Do you remember the politically infamous “Bridge to Nowhere?”  Well, Ketchikan is where it was proposed to be constructed, to connect Ketchikan (on Revillagigedo Island) to its airport 1/2 mile across the Tongass Narrows on Gravina Island.  The 2005 Highway Bill provided $223 million for the bridge, which would have allowed people to drive to the airport rather than take a ferry across the Narrows.  So, since there is no bridge from the airport to Ketchikan, we did the bag drag from the airport to the ferry, paid $5.00 each and rode the ferry across the Narrows to pick up the shuttle to our hotel.  Fortunately it was a beautiful day, and we enjoyed the short ferry ride.  Even though the ferry lends extra character to Ketchikan, a bridge sure would have been nice and time saving.

The airport ferry (left) crossing the busy Narrows back to Ketchikan

On the ferry bound for Ketchikan

Being from a place with limited choices (Fairbanks), food and shopping are always the mainstay of any trip.  Although the food in Ketchikan was good, it was nothing to rave about, but it is always nice to have different choices.  I didn’t do any shopping, except for the obligatory tee shirt or two.  Since Ketchikan is a cruise ship port, there are many, many shops, and a disproportionate  number of high end jewelry stores, which must do well or they wouldn’t be there.  I never thought about going on a cruise to buy jewelry.  But then, there is Alaska gold jewelry.  Keep in mind that most of these shops board up for the season as soon as the last tourist walks out the door, and their owners set up somewhere warm and sunny for the winter.

Looking at Creek Street, a boardwalk over Ketchikan Creek in what was the old "red light district."

Cruise ship passenger doing their thing down by the docks in Ketchikan. Ketchikan is the first (or last stop) in Alaska for many cruise ships.

When cruise ships dock, passengers seek alternatives to cruise ship food, so the seafood shacks where crowded.  To be fair about the food, Bill enjoyed his fresh seafood; I don’t enjoy seafood.  Ice cream is also a priority for me, I have to have a waffle cone of one of my favorite flavors.  Apparently ice cream was also a priority for the cruise ship people, as it was nearly combat to get get one in what seemed to be the only ice cream shop in town.

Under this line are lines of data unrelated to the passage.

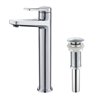 KRAUS Indy 1-Handle Vessel Bathroom Sink Faucet with Pop-Up Drain -  Chrome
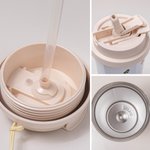 Personalisierter Isolierter Cartoon Figur Reise Kaffeebecher 500ml mit Auslaufsicheren Deckel Silikon Strohhalm Geburtstag Geschenk für Damen Kinder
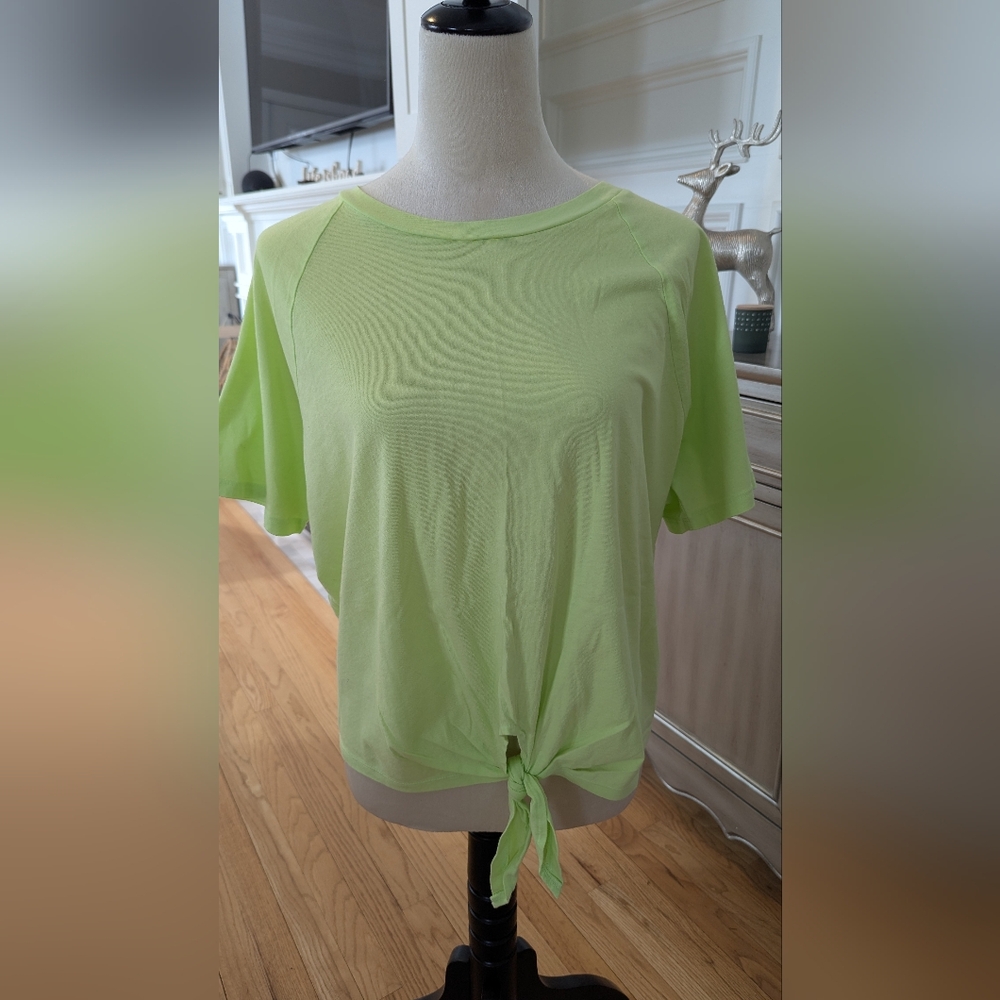 GAP Lime Green Organic Cotton Tie-Front Short Sleeve Top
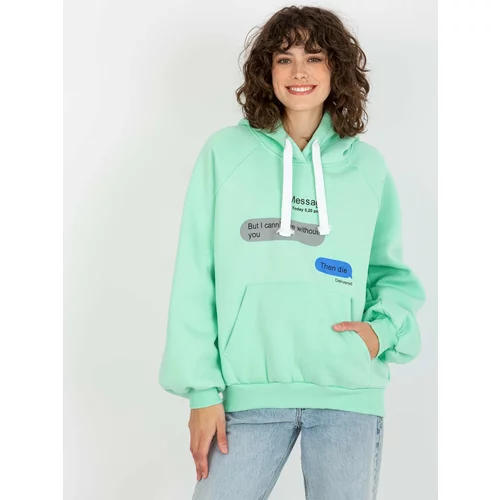 Fashion Hunters Women's sweatshirt with inscriptions - turquoise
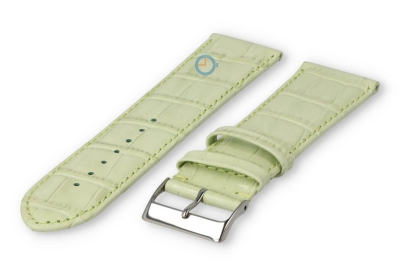 Basic croco horlogeband XL - 24mm - pastelgroen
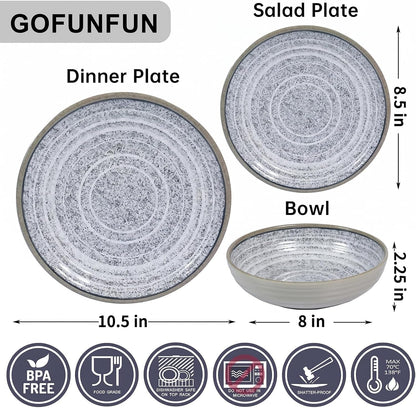 Melamine Dinnerware Sets 12 PCS - Service for 4 Plates & Bowls Sets Grey3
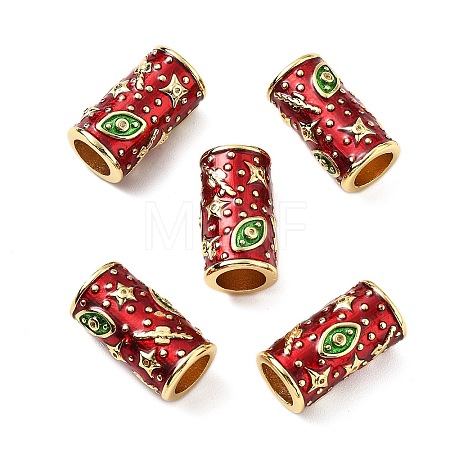 Brass Micro Pave Clear Cubic Zirconia Column European Beads KK-Z114-15G-B01-1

Not counting the MV Misty Fjord and the Misty Fjords cruise and kayaking, which will be addressed separately, the highlights of our Ketchikan stay were ziplining, a bicycle tour and even more kayaking.  The disappointment was that we didn’t have the time to do even more biking and kayaking in such a beautiful place.  There is only one main road in town, the Tongass HIghway, which runs about 31 miles from north to south on the island, with Ketchikan virtually in the middle.

One of 34 totem poles in Saxman Native Village, about 3 miles south of downtown Ketchikan. Ketchikan has the world's largest collection of standing totem poles.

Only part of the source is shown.